What the Army Needs to Win the Logistics Battle

by Sheila R. Ronis

When the United States deploys military forces to fight, to make peace, to keep peace, to provide humanitarian assistance in a famine or flood, it also sends along a community that provides logistics support to those war fighters.

Retired Army Lt. Gen. William G. Pagonis wrote, “running logistics for the (first) Gulf War has been compared to transporting the entire population of Alaska, along with their personal belongings, to the other side of the world, on short notice. It has been likened to relocating the city of Richmond, Va. ... Armies eat. ... Armies drive. ... Armies are a constellation of needs...”

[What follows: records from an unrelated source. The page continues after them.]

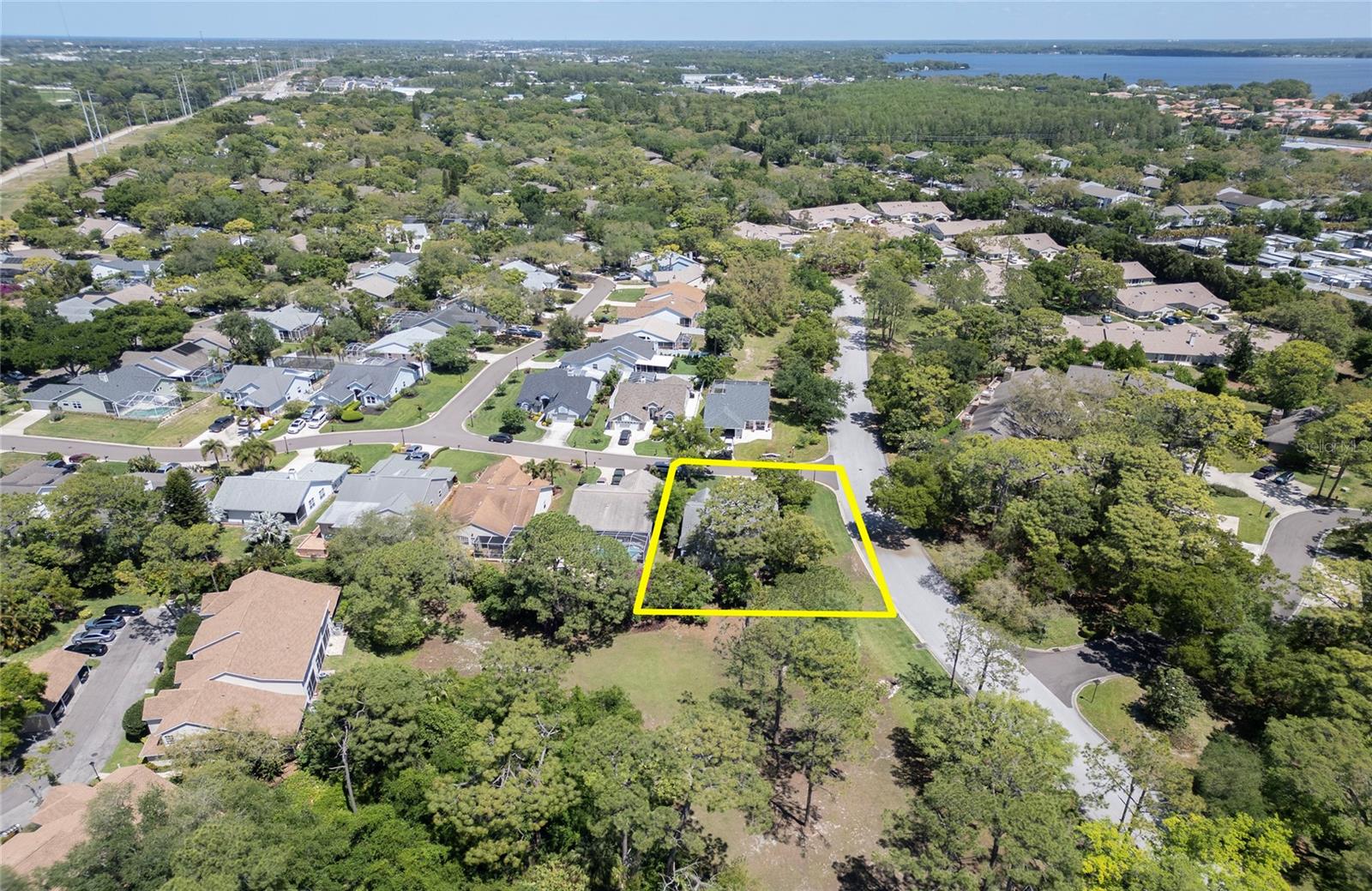 Image 60 of 61 For 2182 Trevor Road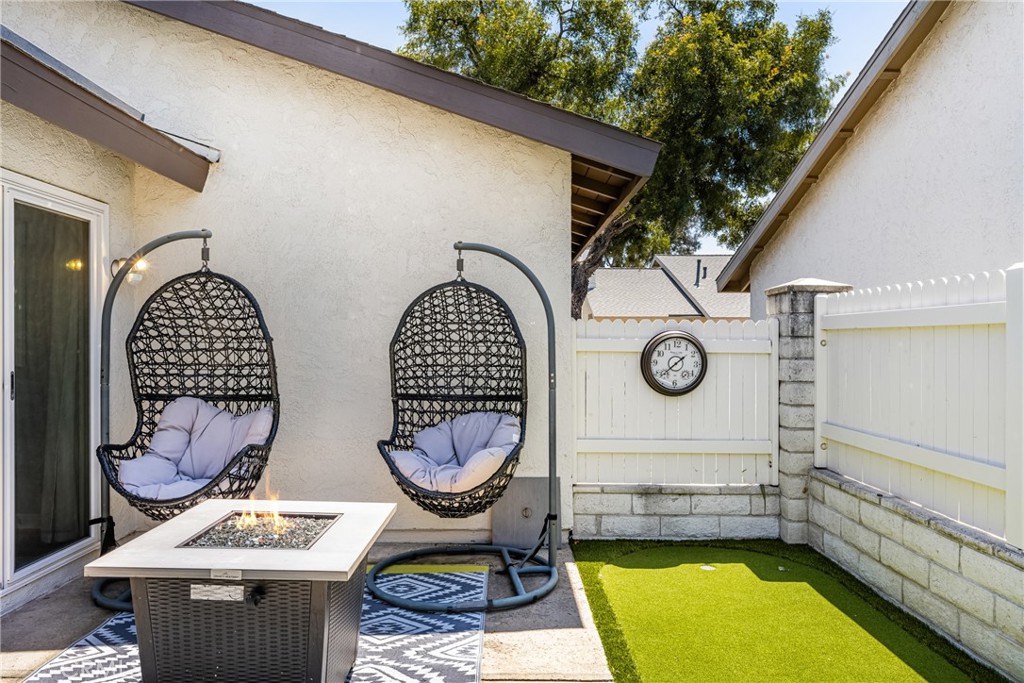 Woodgate (WODG) - Residential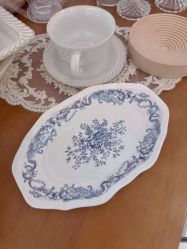 -花田喜事婚礼定制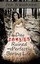 NEW The Day Zombies Ruined My Perfectly Boring Life by Jen... BOOK (Paperback)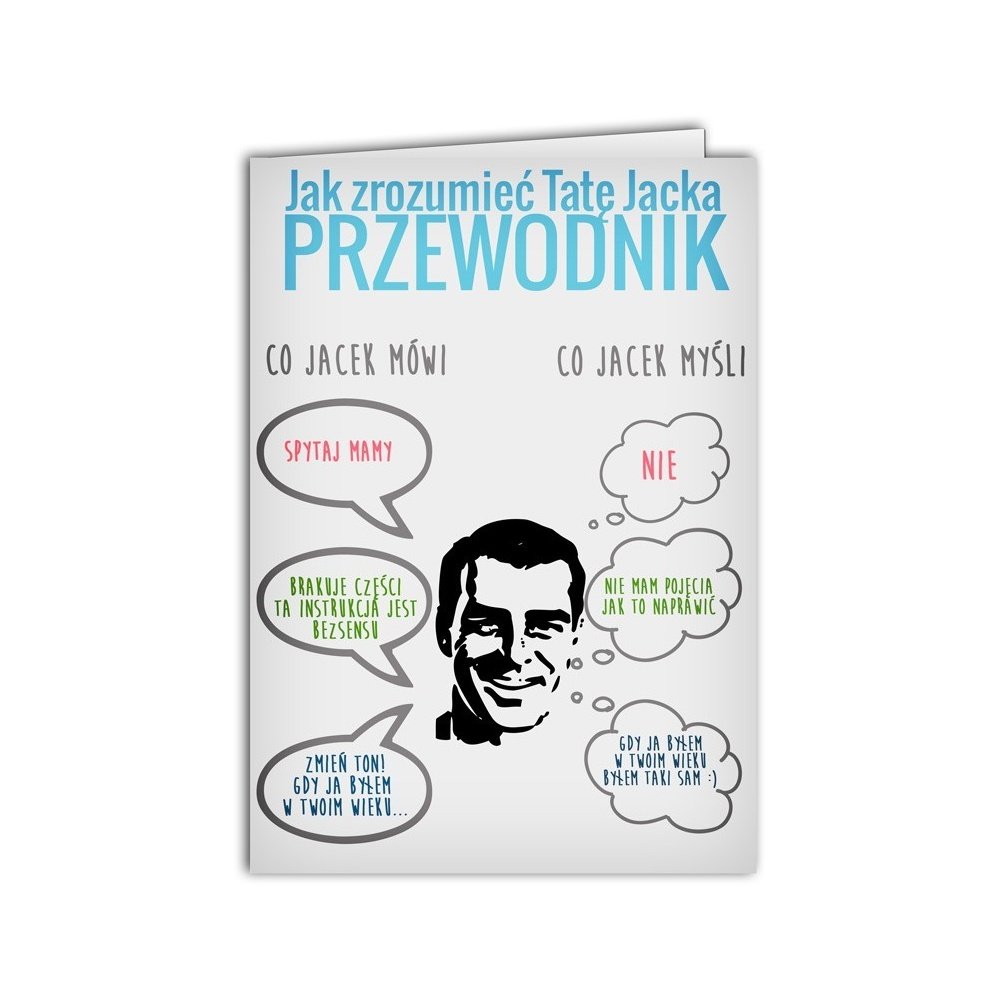 Przewodnik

In the first Gulf War, we needed to send mountains of materials, because we did not know precisely what we needed. Commanders anticipated the worst and ordered accordingly. It certainly was not a lean or efficient way to go, but it was effective. In fact, the technology and tools we take for granted today did not exist. Today, we have the information technology tools to provide most things “just-in-time.”

The process of planning and executing the plans to move entire “cities” of war fighters is not easy.

The following technologies are examples of revolutionary thinking that can help the Army’s ability to respond to crises while ensuring its forces get the logistics support they need.

Fast Sealift
Today, it takes weeks and months to move troops and their equipment from one place to another. It can take many months to respond to a crisis. Part of the solution to the Army’s need for a lighter, more rapidly deployable force to the conflict or crisis in an intra-theater environment is the development and utilization of the Theater Support Vessel.

The TSV delivers complete packages of “ready-to-fight” combat units with their equipment.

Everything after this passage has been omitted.